See the answer of Fundamental group and universal cover for this quotient space which you quoted as the more general case. This explains that $\tilde{X}$ is the quotient space obtained from the disjoint union of three copies of $D^2$ by identifying the boundary circles in the canonical way.

Answer 2

The universal cover looks like the three triangles in my picture, with the three "a" sides identified, and then with the three "b" sides identified, and then with the three "c" sides identified.
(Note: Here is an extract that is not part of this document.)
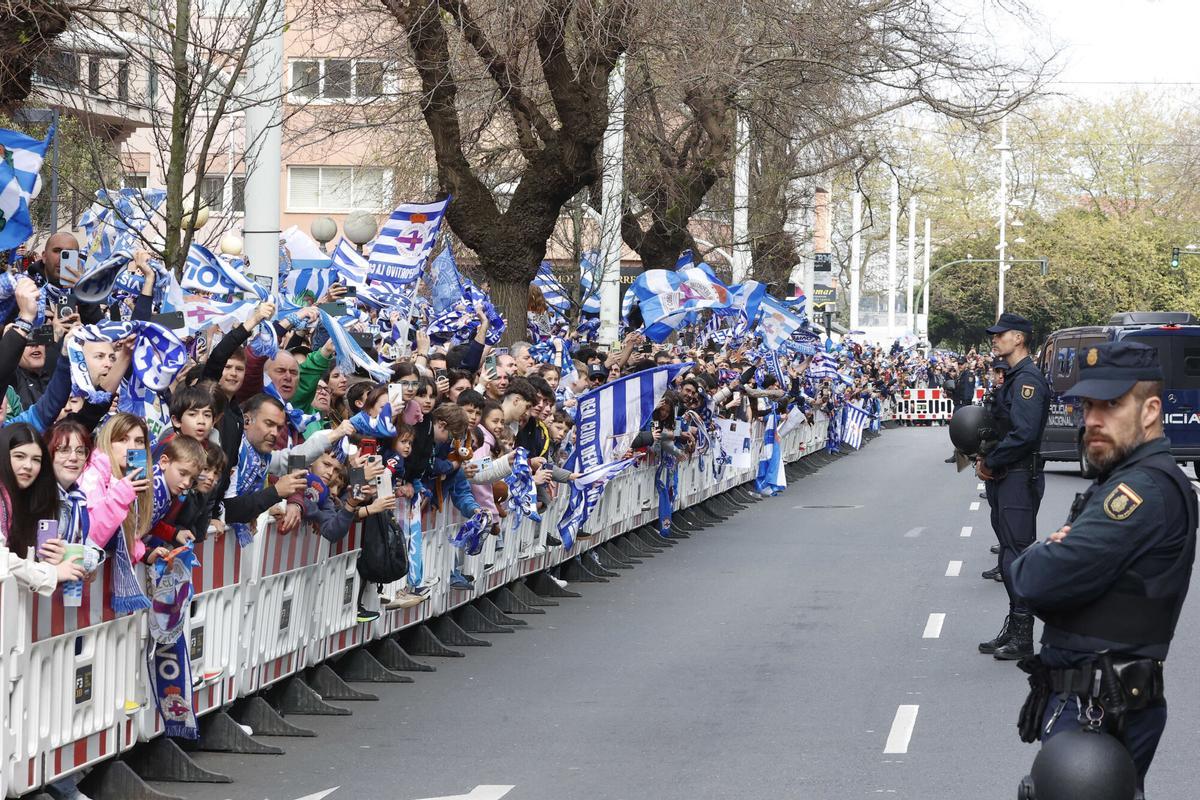 Así recibió el deportivismo al equipo antes del partido ante el Málaga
To show how the projection map works, I've draw a three small red blobs on the universal cover: each of these three red blobs project down to the same red blob in the original space $X$.
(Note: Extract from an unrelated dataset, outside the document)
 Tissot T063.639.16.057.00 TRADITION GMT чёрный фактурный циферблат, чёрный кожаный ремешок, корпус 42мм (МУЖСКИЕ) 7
I wouldn't exactly describe the triangles as being "in a strip" - notice that my triangles don't have any "loose edges".

So let's call my newly-constructed space $Y$, and let's call my projection map $p : Y \to X$. How can we prove that $p : Y \to X$ really is a universal cover?

Well, first we need to prove that $p : Y \to X$. It suffices to prove that for each point $x \in X$, there exists an open neighbourhood $U$ containing $x$ such that $p^{-1}(x)$ takes the form $U_1 \sqcup U_2 \sqcup U_3$, where $p|_{U_i} : U_i \to U$ is a homeomorphism for each $U_i$. For points $x$ that lie in the "interior" of the original triangle, this statement is pretty much validated by my pictures of the red blob! You'll also need to think about how this works for points $x$ that lie on the "edge" of the triangle, but that's quite easy.

Next, we need to prove that the cover $p: Y \to X$ is a universal cover, i.e. that $Y$ is simply connected. This follows from van Kampen (using for your open cover the three triangles that make up $Y$, with a bit of fluff added around each of their edges so as to make them open). Alternatively, we can argue using the classification theorem for path-connected covering spaces: the covering $p : Y \to X$ is a degree-three covering of $X$, so its fundamental group must be an index-three subgroup of $\pi_1(X)$, and there is only one such subgroup, namely, the trivial group.